Please transcribe exactly the lines from the line holding "exterior space featuring fence and a grill" through the end of the data below, and skip any pictures.

THE DATA:

--

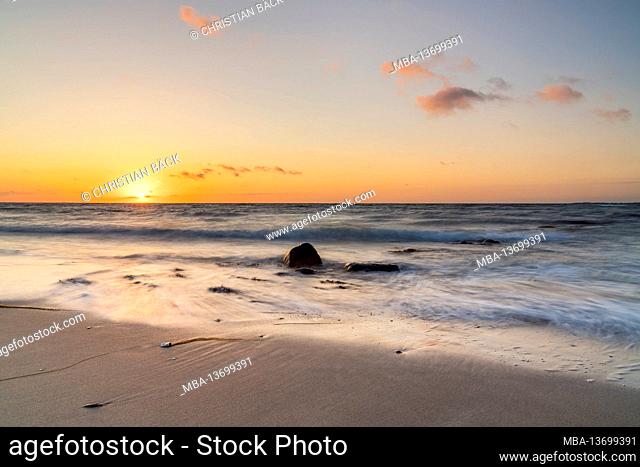 Sunset on the beach on the Graswarder peninsula near Heiligenhafen, Schleswig-Holstein, Germany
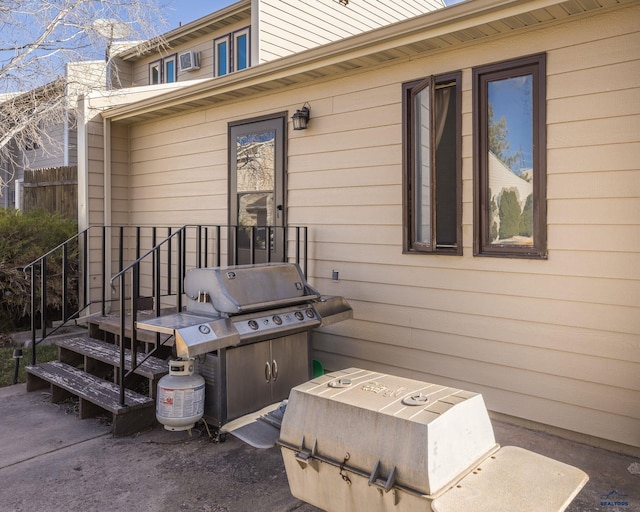exterior space featuring fence and a grill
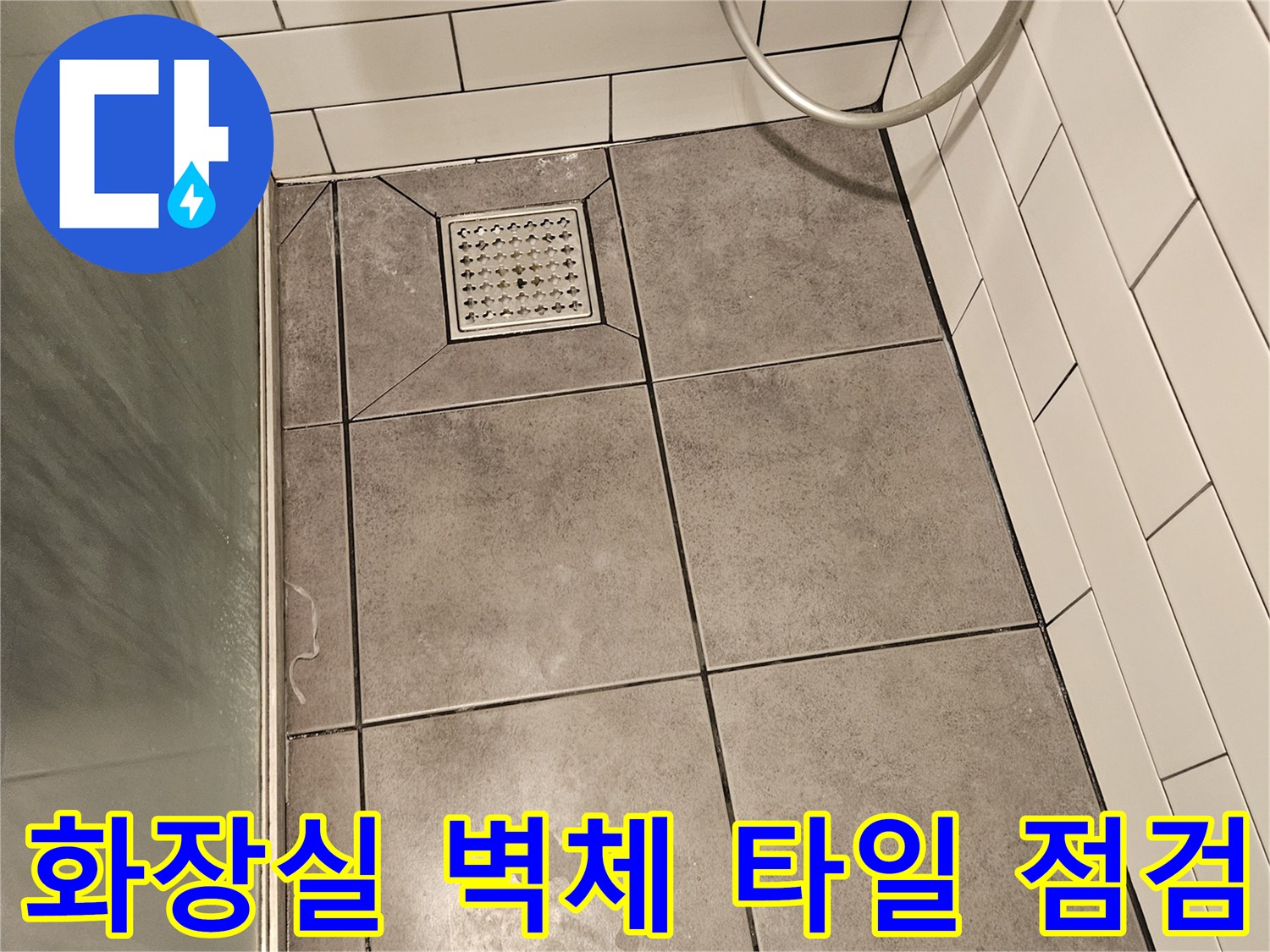 회색 타일 표면의 미세한 얼룩과 줄눈 상태를 촬영한 사진입니다.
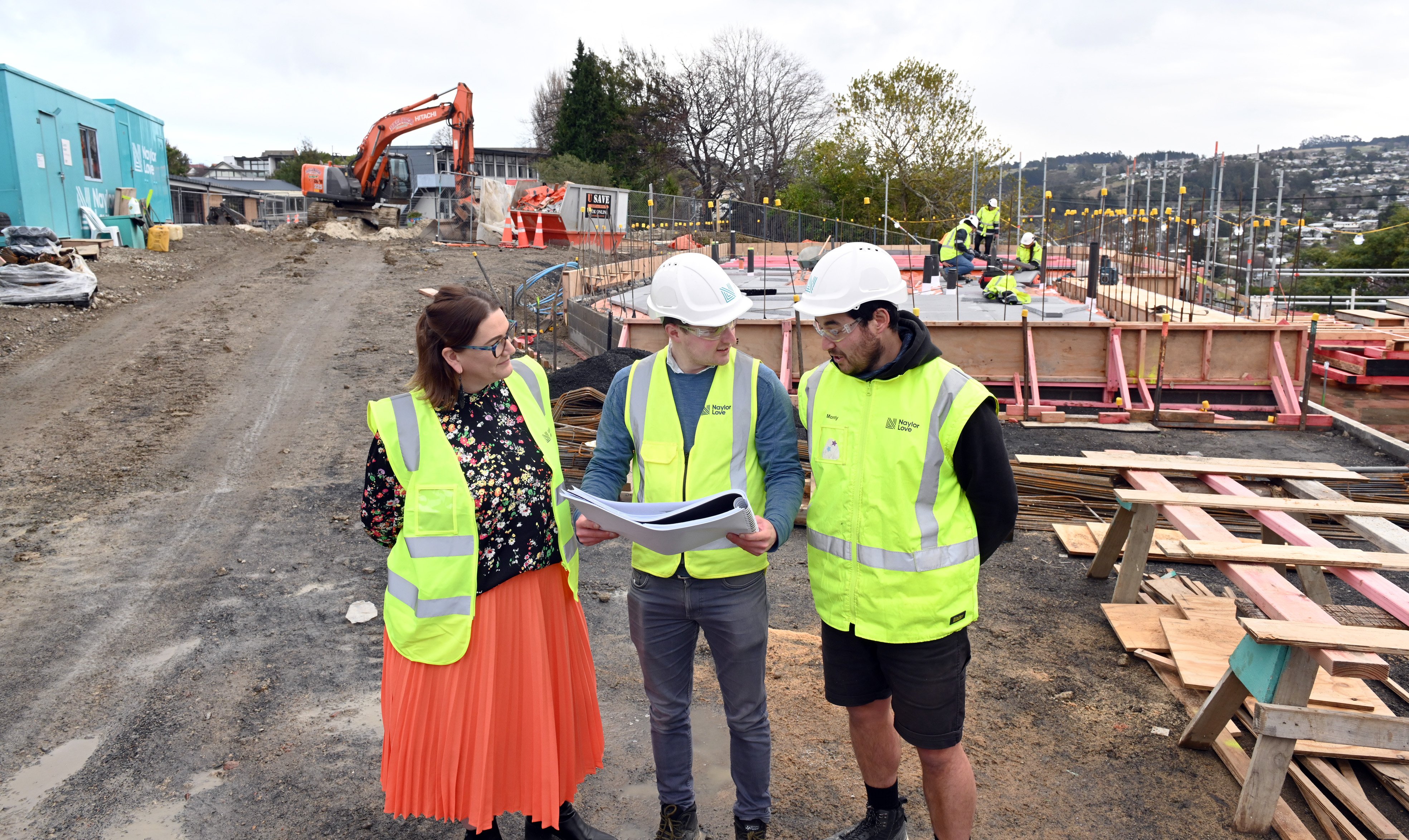 Looking at site plans in front of Kaikorai Primary School redevelopment construction work...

--

OUTPUT BELOW:
exterior space featuring fence and a grill
 회색 타일 표면의 미세한 얼룩과 줄눈 상태를 촬영한 사진입니다.
 Looking at site plans in front of Kaikorai Primary School redevelopment construction work...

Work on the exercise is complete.